*** Dataset section ***

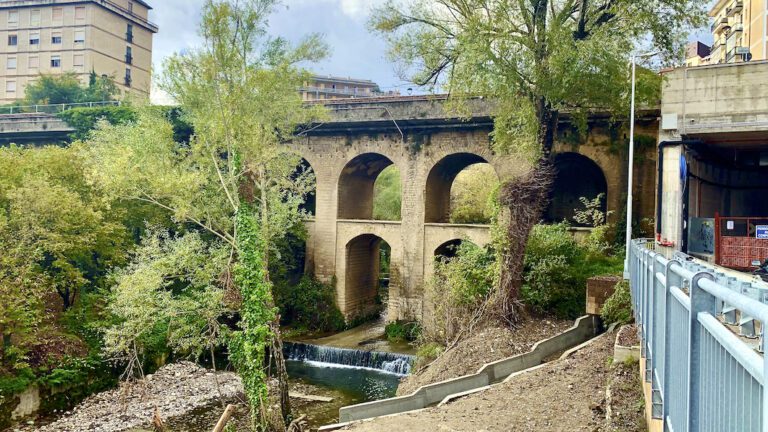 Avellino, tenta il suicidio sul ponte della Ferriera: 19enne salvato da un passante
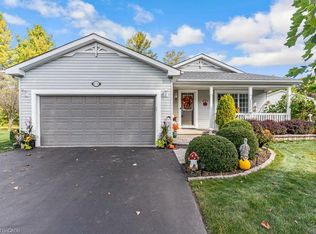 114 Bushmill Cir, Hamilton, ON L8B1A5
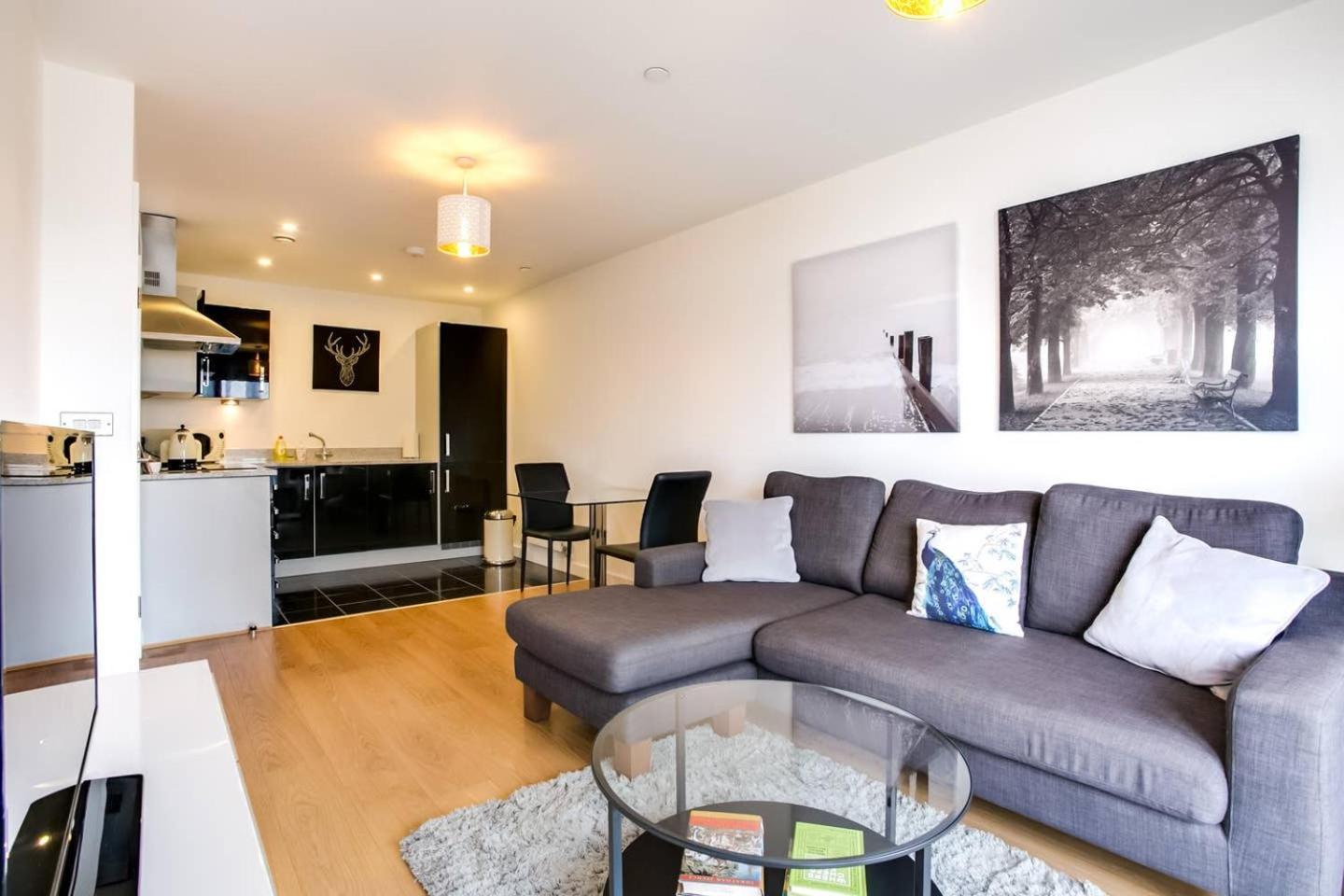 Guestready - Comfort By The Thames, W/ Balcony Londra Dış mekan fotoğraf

*** End of Dataset section ***

Work request: For every line above, produce an exact transcription that omits the images.

Final answer:
 Avellino, tenta il suicidio sul ponte della Ferriera: 19enne salvato da un passante
 114 Bushmill Cir, Hamilton, ON L8B1A5
 Guestready - Comfort By The Thames, W/ Balcony Londra Dış mekan fotoğraf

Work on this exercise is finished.